JS: If so much of the hard work is done at the local level, should there be a national preservation organization headquartered in Washington, D.C.?

RM: I think there always will be and should be a National Trust. We take our national responsibilities very seriously. Washington is where a lot of preservation policies are determined, so I think it’s important that we be here.

This is one of the reasons why we need a new set of eyes coming in here and a younger generation of leadership. Every generation will see this differently. It's time for somebody else of another generation to come in and look at all this anew, because he or she will have, and should have, very different views about what it takes to further the mission of this organization in a new time.

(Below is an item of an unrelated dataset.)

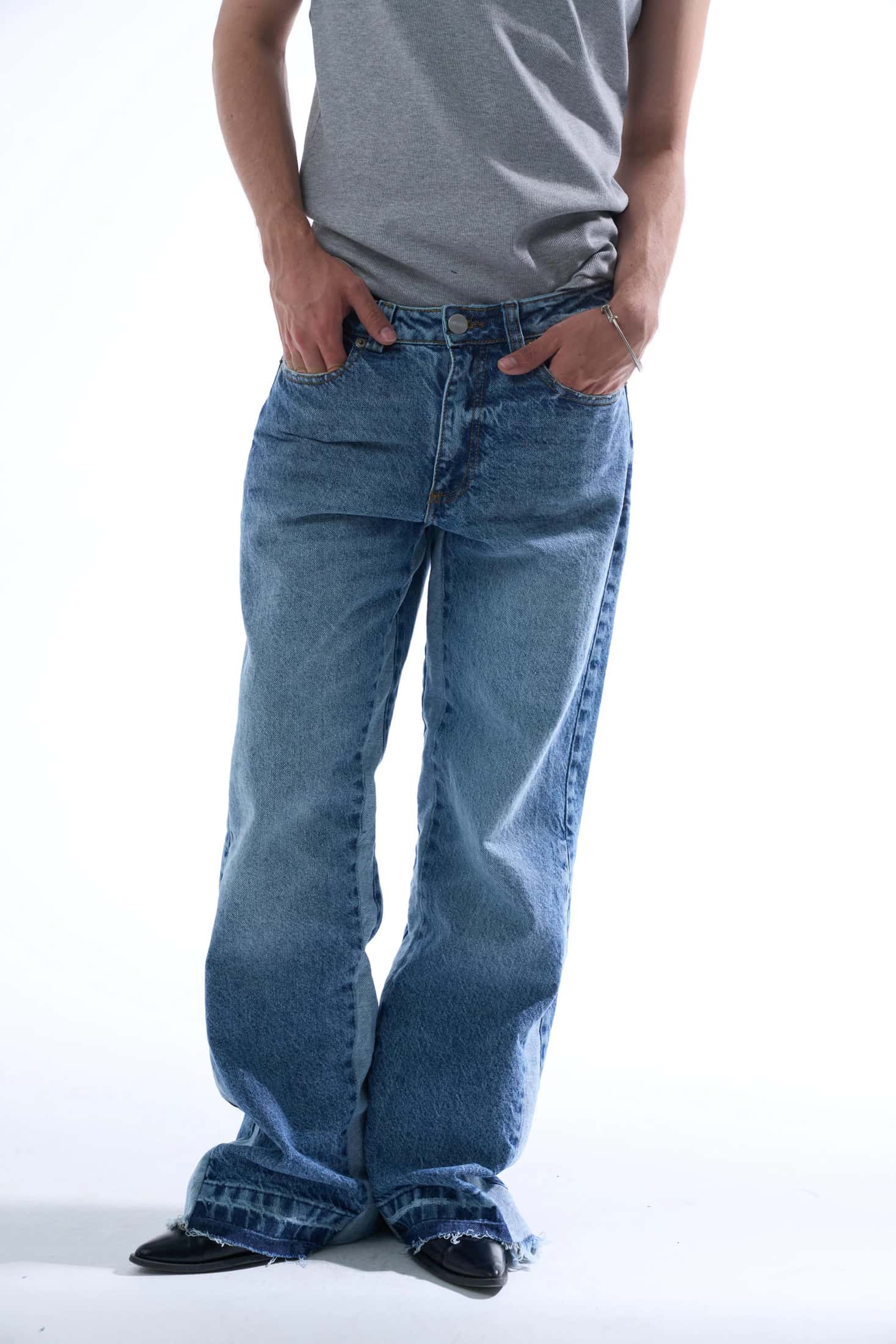 EMBROIDERED FLARED JEANS - miniatura 8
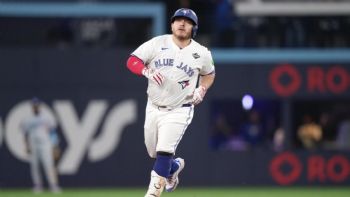 Con HR y 3 producidas de  Kirk, Toronto apaleó 11-4 a los Dodgers (Video)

JS: Is there anything specific about which you would warn your successor?

RM: We're always on the edge financially. We're always on the margin. When we went through this last economic downturn, we had to make some tough decisions. Most of our members and donors stuck with us. We lost some. Our endowment took a hit. It was a tough time for everybody and a tough time for us. You really can't get very far away from the financial constraints. We can't do everything. We have to establish priorities. We have to pick issues that are opportunistic, topical, while continuing to address the traditional bread-and-butter preservation issues. As society changes, so will our role, because the needs of communities and individuals change and we have to be responsive.

JS: What are you looking forward to—or can you even think about retirement when you’re still in the thick of things?

RM: I'm looking forward to spending some more time in the West. I want to do some writing. I love public service in all of its different forms. One thing everybody assures me is that I won't have any trouble filling up the day.

JS: Was your love affair with the West something that happened as an adult?

RM: Yes, we discovered the West skiing out there when our kids were growing up. My son built a house for us in a remote town in southwestern Colorado. So we've had a place there now for 20 years and become very attached to it.

JS: Do you remember the first historic site you visited?

RM: One that really got my attention was Fort Snelling in Minnesota, at the confluence of the Mississippi and the ­Minnesota rivers. It's the most historic site in Minnesota, and it's been very well preserved by the Minnesota Historical Society. That was one of the first. In Duluth, growing up, I remember the Leif Erikson Park, where they had a Viking ship. I was pretty sure that Leif Erikson made it all the way through to the head of Lake Superior in his Viking ship. And that was before the St. Lawrence Seaway.

JS: This may be an unfair question—like asking Fred Astaire, "Who was your favorite dancing partner?"—but which historic sites do you recommend visiting?

RM: There are so many great sites protected by the National Trust. I love Acoma Sky City, and I go there often. It's the oldest continually inhabited community in America. There are also a lot of places that are less well known. Brucemore in Cedar Rapids. Belle Grove out in the Shenandoah Valley. The African Meeting House in Boston. There's not one that doesn’t have something special about it. They wouldn't be in our collection unless they were special. Of course, I spent a lot of time fighting to save Farnsworth and working on President Lincoln's Cottage. I'm heavily invested in those two.

JS: I noticed a Lincoln bust here in your office.

RM: Yes, it's a life mask from 1860. We were just given that award by the Lincoln Forum in Gettysburg last November. I'm very proud of it. It's about to go out to the cottage.

JS: What else would you like people to know about you and the organization you've led?

RM: That retirement's the right thing for me and the ­institution. I feel so strongly about the people here, the places, the cause itself. I have great affection for the National Trust. I feel very privileged to have been here. There are people who have risen through the ranks because they just love this place and want to continue to be part of it. And I am going to be one of them.